Following her American debut with the San Francisco Opera, Ms. Tucci made her Metropolitan Opera debut in October 1960 as Cio-Cio-San in MADAMA BUTTERFLY, winning strong reviews. She went on to sing 259 performances with the Met in 20 roles, mostly in works by Verdi and Puccini. She appeared in four new productions, including Verdi’s FALSTAFF in 1964, which was also the Met debut of both the director Franco Zeffirelli and the conductor Leonard Bernstein. That Rudolf Bing, the Met’s general manager at the time, valued Ms. Tucci was clear from the double-duty assignment he gave her on April 16, 1966, the company’s last day at its old house: She sang Mimì at the Saturday matinee and took part in the gala farewell to the house that night, ending the program in a performance of the final trio from Gounod’s FAUST (with the tenor Nicolai Gedda and the bass Jerome Hines).

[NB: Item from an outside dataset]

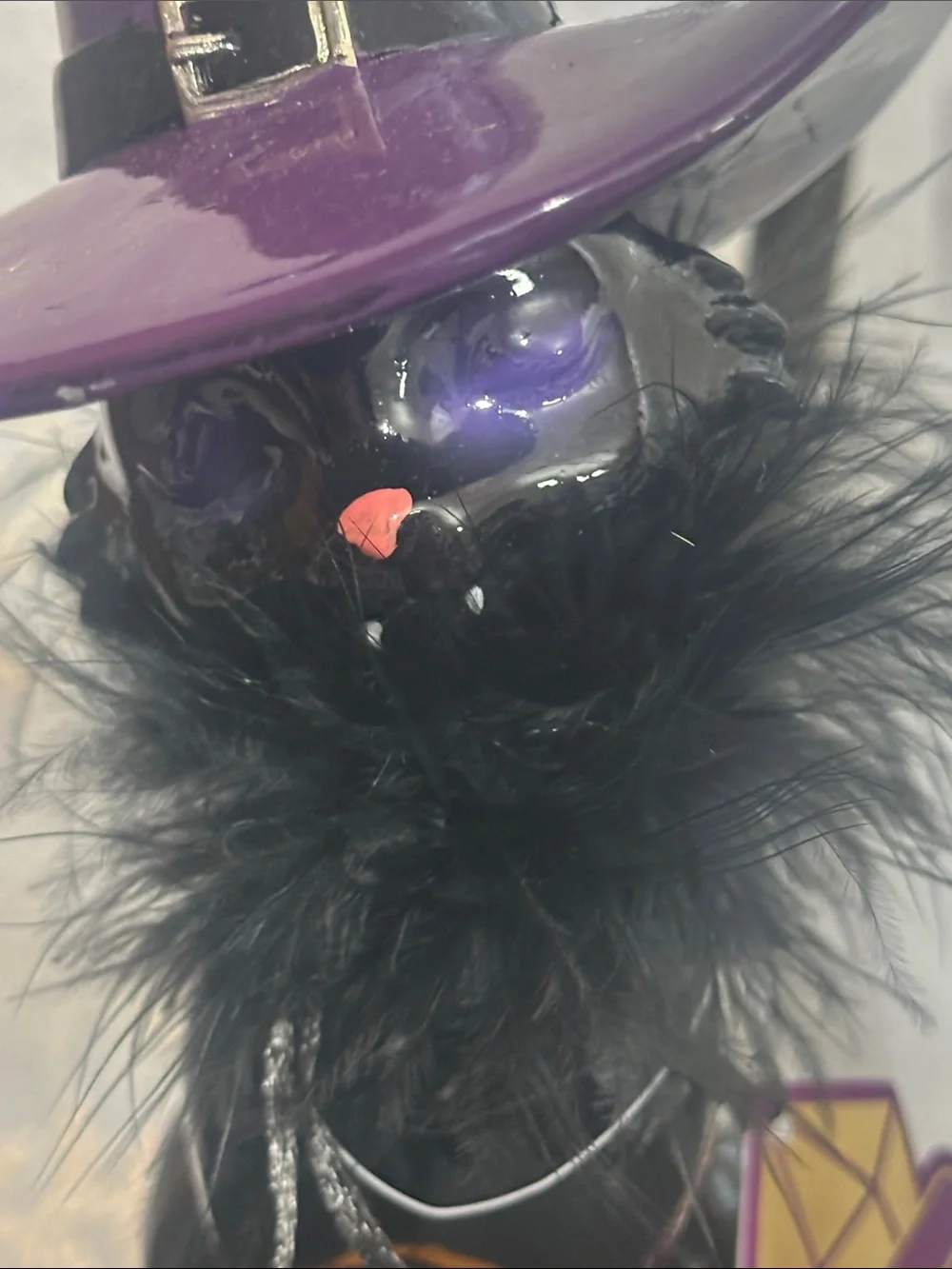 Eerie charm black cat on pumpkin decor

She fared equally well in the new house. Reviewing her as Liù in Puccini’s TURANDOT in 1968, Harold C. Schonberg of THE NEW YORK TIMES wrote: ‘Has the first-act aria ‘Signore, ascolta’ been sung more touchingly, more artistically, more elegantly in recent years? One doubts it’.

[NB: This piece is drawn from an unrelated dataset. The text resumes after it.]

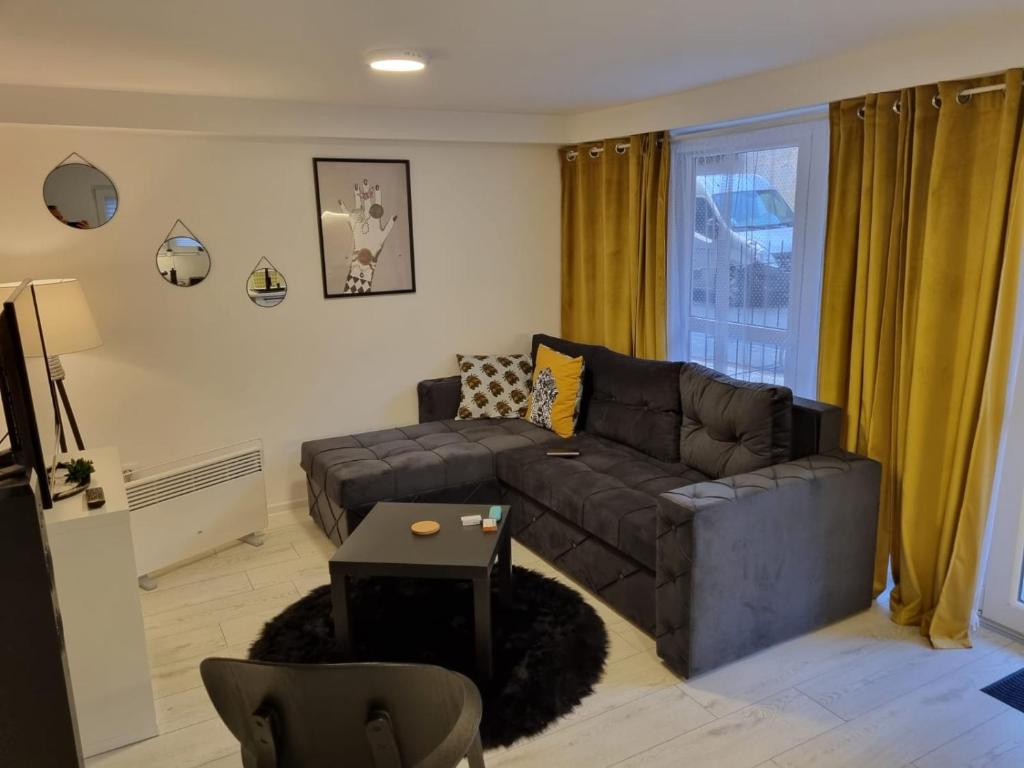 ein Wohnzimmer mit einem Sofa und einem Tisch in der Unterkunft Bowler Hat Apartment Belgrade in Zvezdara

Ms. Tucci sang Marguerite in FAUST in her final performance at the Met, in December 1972.

Though she can be heard on historic recordings of live performances and radio broadcasts, Ms. Tucci made only two studio recordings of complete operas, both early on: Leoncavallo’s PAGLIACCI in 1959 (starring the tenor Mario del Monaco) and Verdi’s IL TROVATORE in 1961 (with an exceptional cast that also included Franco Corelli). ‘I don’t live in my past’, she said in the 2002 interview. ‘Inside me, nothing has changed. I’m still Tosca. I’m still Aida. But now, above all, I’m Gabriella’.”

- Anthony Tommasini, THE NEW YORK TIMES, 17 July, 2020





“The Italian tenor Gianni Raimondi had a prestigious career lasting three decades. From 1956 to 1976 he sang frequently at La Scala, where his partner a number of times during the early years was Maria Callas. His voice, smooth and warm in tone with a good coloratura facility and very strong top notes, was ideal for 19th-century Italian opera from Rossini and Donizetti to Verdi and Puccini and he rarely sang anything outside that repertory, apart from a few French rôles and a couple of modern operas.”

- Elizabeth Forbes, THE INDEPENDENT, 27 Oct., 2008





“Mario Zanasi completed his formal musical education at La Scala's school of singing; sang Monterone in 1953 (Teatro Comunale, Florence), in 1954 in LOHENGRIN (Cesena). He then sang in Portugal, France, Belgium and Germany. In 1958 he sang at the Met and Covent Garden - Later on he sang in Vienna, Chicago, Dallas, Miami, San Francisco, Montréal and Zürich.

His repertoire included: Cherubini's ELIZA, MARIA DI ROHAN, I PURITANI, PAGLIACCI, CAVALLERIA, MADAMA BUTTERFLY, TOSCA, ERNANI, GIOVANNA D'ARCO and IL TROVATORE.”